Task details → Don't include any picture when you restate the data word for word.

Data block →
■ ■ ■
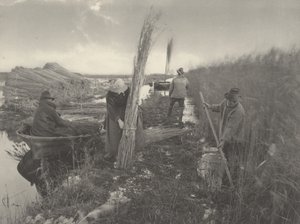 Durante a colheita de juncos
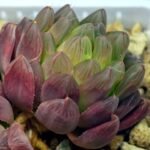 Haworthia Obtusa ‘Kohaku Variegated’ [琥珀锦玉露] - 17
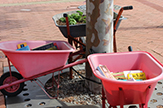 Barrows of books image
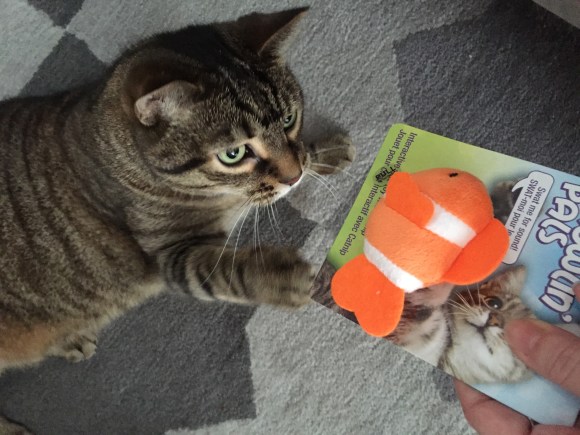 Presley's gift from Karen, noisy catnip fish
■ ■ ■
Completed task →
 Durante a colheita de juncos
 Haworthia Obtusa ‘Kohaku Variegated’ [琥珀锦玉露] - 17
 Barrows of books image
 Presley's gift from Karen, noisy catnip fish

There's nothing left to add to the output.